Narrator: In the Second World War, you could be in serious danger even if you weren't fighting at the front.
In September 1940, German bombers began targeting key cities across Britain. From London, Coventry and Manchester in England. Cardiff and Swansea in Wales, through to Belfast in Northern Ireland and Clydebank in Scotland.
This period of intensive bombing carried on for eight months and became know as the blitz. The bombing during the blitz was incredibly damaging. Historic buildings like Coventry Cathedral were flattened and large parts of cities had to be re-built.
Those who stayed in the cities had to live by strict rules. Every night when it got dark, the cities would go into blackout. All the street lights were switched off and special thick black curtains and paint covered every window, to make sure cities could not be seen from aeroplanes overhead.

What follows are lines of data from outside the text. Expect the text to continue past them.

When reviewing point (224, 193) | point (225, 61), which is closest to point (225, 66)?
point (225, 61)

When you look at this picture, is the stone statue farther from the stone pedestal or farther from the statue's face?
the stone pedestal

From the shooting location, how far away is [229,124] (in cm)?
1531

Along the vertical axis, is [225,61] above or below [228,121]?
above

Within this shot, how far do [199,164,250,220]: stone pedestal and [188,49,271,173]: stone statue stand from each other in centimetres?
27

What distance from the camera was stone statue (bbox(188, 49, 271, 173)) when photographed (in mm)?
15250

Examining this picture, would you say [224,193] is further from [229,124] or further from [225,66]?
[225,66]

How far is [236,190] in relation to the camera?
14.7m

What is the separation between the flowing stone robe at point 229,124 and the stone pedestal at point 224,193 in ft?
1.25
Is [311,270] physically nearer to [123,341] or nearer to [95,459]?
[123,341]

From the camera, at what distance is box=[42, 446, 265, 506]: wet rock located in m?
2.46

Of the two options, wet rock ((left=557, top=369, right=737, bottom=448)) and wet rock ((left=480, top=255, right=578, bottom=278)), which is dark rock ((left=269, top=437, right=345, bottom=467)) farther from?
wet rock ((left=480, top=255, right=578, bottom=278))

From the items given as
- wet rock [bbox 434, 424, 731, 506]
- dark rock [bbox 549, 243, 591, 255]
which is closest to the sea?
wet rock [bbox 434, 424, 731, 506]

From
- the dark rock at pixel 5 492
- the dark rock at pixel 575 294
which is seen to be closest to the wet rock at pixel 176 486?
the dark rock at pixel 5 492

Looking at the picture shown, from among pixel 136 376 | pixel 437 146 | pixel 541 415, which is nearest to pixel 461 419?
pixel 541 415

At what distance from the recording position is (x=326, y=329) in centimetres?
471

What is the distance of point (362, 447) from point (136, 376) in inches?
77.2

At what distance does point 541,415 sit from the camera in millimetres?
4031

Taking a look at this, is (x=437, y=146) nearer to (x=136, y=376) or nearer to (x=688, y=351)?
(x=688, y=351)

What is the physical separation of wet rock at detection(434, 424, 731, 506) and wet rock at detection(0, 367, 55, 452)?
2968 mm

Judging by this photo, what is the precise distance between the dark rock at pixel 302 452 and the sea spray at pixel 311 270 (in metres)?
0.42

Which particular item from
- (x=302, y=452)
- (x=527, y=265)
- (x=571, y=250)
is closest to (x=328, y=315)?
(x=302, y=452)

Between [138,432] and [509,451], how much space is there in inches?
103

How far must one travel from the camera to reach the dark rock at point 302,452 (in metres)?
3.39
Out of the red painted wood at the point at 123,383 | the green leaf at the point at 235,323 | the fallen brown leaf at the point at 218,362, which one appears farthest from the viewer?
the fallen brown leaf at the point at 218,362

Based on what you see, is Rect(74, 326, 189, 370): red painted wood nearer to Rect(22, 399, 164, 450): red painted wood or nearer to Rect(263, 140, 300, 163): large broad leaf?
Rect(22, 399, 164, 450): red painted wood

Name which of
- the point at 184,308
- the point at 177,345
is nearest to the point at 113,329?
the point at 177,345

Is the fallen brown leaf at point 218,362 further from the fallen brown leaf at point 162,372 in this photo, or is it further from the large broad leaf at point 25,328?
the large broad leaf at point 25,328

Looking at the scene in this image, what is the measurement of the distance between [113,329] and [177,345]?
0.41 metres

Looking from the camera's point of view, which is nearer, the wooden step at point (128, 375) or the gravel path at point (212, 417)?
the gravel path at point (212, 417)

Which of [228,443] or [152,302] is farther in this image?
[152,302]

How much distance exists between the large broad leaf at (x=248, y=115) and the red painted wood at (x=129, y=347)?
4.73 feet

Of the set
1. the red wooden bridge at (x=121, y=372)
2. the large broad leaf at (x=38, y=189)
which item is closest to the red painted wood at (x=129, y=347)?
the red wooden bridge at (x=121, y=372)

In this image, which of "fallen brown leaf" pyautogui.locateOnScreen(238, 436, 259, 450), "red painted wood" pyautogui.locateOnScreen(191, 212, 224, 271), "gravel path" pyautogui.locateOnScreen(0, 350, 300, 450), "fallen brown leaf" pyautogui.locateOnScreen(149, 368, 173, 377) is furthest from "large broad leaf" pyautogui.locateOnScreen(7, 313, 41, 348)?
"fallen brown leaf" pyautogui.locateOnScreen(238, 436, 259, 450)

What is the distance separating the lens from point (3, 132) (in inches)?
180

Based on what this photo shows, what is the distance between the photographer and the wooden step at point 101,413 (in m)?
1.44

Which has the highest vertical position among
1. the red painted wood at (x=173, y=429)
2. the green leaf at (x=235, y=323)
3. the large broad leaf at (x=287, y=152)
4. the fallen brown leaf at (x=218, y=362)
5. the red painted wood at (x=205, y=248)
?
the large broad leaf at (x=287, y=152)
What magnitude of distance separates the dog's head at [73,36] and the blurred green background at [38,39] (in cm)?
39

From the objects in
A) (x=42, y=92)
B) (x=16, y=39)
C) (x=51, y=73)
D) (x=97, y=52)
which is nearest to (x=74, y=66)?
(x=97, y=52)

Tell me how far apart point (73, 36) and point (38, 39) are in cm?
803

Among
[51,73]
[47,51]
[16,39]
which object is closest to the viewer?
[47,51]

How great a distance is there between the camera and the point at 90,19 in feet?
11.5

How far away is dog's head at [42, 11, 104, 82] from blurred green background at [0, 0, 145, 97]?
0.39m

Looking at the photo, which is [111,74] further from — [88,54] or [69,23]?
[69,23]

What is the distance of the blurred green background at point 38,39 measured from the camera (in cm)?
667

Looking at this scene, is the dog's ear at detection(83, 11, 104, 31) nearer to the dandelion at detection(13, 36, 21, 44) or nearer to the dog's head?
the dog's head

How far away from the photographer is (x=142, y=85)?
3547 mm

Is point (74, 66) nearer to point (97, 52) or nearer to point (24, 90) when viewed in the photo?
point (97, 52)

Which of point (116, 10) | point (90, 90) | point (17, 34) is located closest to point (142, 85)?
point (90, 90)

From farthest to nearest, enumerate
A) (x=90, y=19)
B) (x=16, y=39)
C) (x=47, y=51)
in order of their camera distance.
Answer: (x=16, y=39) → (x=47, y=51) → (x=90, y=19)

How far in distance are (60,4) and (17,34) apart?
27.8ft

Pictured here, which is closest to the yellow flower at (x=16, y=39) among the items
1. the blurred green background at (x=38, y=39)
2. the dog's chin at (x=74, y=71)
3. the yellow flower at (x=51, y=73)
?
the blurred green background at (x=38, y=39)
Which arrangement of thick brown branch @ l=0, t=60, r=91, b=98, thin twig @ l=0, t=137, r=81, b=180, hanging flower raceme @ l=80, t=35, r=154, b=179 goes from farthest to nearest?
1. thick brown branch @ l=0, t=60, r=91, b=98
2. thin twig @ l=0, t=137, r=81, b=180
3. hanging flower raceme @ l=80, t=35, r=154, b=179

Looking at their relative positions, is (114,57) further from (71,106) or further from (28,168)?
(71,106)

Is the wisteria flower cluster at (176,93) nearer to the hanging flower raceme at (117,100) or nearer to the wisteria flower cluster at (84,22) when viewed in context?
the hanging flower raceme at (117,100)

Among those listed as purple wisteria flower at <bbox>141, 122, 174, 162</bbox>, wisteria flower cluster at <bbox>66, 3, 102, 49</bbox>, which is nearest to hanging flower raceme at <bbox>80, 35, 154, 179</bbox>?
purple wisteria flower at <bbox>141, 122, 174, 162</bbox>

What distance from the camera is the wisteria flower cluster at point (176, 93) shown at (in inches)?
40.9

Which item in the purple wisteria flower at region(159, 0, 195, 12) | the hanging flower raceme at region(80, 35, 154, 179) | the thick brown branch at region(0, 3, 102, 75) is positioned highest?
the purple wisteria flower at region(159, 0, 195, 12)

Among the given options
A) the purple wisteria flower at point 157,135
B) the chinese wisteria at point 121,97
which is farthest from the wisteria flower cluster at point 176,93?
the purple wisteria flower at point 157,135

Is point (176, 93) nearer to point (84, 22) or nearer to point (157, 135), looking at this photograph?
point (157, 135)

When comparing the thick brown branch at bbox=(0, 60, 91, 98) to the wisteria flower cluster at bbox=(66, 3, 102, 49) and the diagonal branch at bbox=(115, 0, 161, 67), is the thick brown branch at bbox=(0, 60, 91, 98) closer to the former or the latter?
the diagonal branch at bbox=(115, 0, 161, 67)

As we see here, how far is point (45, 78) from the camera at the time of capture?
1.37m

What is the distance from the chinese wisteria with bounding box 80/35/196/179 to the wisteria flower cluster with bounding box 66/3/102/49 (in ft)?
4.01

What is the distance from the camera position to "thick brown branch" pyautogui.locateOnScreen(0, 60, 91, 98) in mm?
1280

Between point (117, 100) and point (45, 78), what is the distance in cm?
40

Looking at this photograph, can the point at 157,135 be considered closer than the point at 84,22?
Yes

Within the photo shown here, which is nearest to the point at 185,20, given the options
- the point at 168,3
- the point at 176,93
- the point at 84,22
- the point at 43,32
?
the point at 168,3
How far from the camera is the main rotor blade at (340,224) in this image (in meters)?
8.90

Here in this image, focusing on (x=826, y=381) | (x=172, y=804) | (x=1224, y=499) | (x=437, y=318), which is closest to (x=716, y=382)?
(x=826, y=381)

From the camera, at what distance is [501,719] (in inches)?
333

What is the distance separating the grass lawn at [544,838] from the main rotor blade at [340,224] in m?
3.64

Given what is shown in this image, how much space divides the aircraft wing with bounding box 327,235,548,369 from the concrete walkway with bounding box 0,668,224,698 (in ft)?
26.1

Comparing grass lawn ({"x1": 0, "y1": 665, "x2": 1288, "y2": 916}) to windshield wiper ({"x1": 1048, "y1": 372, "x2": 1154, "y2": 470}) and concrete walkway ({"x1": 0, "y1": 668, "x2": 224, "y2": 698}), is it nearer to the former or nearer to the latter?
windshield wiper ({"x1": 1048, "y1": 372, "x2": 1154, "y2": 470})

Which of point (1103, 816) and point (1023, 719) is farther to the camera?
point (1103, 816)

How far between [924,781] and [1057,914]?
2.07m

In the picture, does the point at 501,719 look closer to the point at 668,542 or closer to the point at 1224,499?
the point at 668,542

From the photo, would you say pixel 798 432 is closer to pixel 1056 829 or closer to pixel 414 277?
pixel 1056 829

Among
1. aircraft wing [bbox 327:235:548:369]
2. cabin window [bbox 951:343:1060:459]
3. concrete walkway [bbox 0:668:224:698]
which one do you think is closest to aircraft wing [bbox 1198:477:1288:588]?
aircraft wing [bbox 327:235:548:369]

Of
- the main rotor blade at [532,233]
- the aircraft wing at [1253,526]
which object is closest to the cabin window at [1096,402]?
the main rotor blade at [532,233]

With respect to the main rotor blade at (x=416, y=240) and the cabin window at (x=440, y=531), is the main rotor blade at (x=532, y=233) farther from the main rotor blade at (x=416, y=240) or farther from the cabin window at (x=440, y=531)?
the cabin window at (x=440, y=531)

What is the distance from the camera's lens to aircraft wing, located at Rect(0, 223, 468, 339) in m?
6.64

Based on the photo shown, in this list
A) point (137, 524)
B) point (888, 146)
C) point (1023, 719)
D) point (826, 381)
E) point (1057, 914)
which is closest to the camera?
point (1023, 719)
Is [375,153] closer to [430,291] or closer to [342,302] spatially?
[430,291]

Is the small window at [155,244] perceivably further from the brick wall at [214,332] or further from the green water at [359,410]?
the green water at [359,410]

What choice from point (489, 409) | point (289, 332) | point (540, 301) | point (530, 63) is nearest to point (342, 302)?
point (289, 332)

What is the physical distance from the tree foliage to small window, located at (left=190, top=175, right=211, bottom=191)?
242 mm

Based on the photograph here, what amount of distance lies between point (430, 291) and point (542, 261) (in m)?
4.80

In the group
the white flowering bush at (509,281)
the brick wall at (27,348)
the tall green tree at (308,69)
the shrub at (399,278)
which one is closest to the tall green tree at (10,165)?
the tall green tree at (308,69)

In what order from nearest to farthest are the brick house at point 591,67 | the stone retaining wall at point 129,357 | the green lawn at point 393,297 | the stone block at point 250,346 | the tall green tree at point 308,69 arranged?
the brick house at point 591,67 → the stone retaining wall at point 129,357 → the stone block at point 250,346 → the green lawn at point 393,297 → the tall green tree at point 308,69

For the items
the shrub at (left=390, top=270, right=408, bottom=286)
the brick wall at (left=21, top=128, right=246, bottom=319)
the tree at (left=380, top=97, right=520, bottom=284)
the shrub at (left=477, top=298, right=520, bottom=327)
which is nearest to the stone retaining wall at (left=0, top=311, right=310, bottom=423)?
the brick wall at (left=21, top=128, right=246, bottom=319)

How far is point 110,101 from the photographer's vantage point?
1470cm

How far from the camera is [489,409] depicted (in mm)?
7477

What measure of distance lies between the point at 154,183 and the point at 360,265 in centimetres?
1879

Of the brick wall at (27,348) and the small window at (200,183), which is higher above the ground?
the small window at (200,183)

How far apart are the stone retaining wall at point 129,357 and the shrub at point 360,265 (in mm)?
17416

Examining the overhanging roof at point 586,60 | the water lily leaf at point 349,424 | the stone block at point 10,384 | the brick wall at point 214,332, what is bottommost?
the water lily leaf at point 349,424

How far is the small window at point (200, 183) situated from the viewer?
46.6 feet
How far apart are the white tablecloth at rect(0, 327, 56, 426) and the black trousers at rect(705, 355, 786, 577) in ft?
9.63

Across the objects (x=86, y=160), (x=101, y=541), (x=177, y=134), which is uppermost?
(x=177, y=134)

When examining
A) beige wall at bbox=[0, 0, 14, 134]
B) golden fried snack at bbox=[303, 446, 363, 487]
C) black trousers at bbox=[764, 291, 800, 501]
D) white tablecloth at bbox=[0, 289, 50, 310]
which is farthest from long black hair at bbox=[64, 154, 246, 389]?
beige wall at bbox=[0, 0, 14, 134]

If you had a garden, you might have an air raid shelter made from iron buried in the ground, where you would have to sit
for hours during a raid, until the all clear was sounded. Other people used communal shelters. In London, many people used the underground to shelter from bombs.
Many men and women responded to the bombings by volunteering to work as air raid precautions, or ARP Wardens, or as extra ambulance drivers, to keep people and communities as safe as possible.
However, thousands of people had already been evacuated to the safer countryside, when war was first declared. Most of these were children separated from their parents.
Kitty was evacuated on September the first 1939, which also happened to be her ninth birthday.
Kitty: Mother said you are going on a trip and I really thought it was a birthday trip. We were all given this little cardboard box and I opened it and inside was a rubber gas mask. All the boys are putting them on and making funny noises and we were all in fits of laughter we really thought it was a joke, we really thought we were going out for a day.
Got to the school, all happy happy with this cardboard box. Label was put on us. All of us enjoying it. Coach came, on the coach, singing away. And then on the train.
Narrator: Once the children arrived in the countryside, they were taken to a school and told to stand in a line.
Kitty: In came lots of strange-looking people, they had like walking sticks and some had dogs and funny hats on and they walked by and they said, 'that one'. Teacher said: 'Off you go Bob, off you go with that lady.' One by one we were all picked off, and sent away.
Narrator: Kitty was separated from one of her sisters and sent to live in a horrible place.
Kiity: We went down into a basement and we looked down and she said there were these sort of cobbled steps she said, 'go down there, that's your room.' And we walked down and it was a mattress on a floor and we were so tired we didn't care. It was like bricks on the wall, it wasn't a wall, a plastered wall. it was just bricks, I had never seen it before. With a little opening with bars on it.
Narrator: But even if the evacuations were upsetting, at least it was safer than being in the cities. Especially, when the Germans sent over flying bombs and rockets towards the end of the war.
Bernard remembers these flying bombs.
Bernard: Well, they had a ramjet engine and it went mmmmmmmh and it got to London and most of them ran out of fuel. Some power dived but most didn't. So, you got this coming along and it stopped and it's got little stubby wings, so it didn't fall down vertically, it glided. So in five seconds you knew whether you were going to be killed or not.
Narrator: Did you know? Throughout the blitz, the King and Queen remained in Buckingham Palace in London, to show the public they were all in it together. On the first night of the blitz, many hundreds of people were killed in the East End of London.
About a week later, two bombs fell on Buckingham Palace and the King and Queen only just avoided death. Afterwards, the Queen said, 'I am glad we have been bombed, it makes me feel we can look the East End in the face.'
By the end of the blitz millions of buildings had been destroyed and thousands of people had died.
But had Britain not been prepared or had so many children not been evacuated to safety, the number of people killed could have been far greater.
However, the blitz was not the only time Britain was bombed. After the allied success on D-Day in 1940, Germans started launching their new weapons. Flying bombs and rockets called the V1 and the V2. They wouldn't stop until a few months before the end of the war.
And until then, ordinary people across Britain just had to hold on.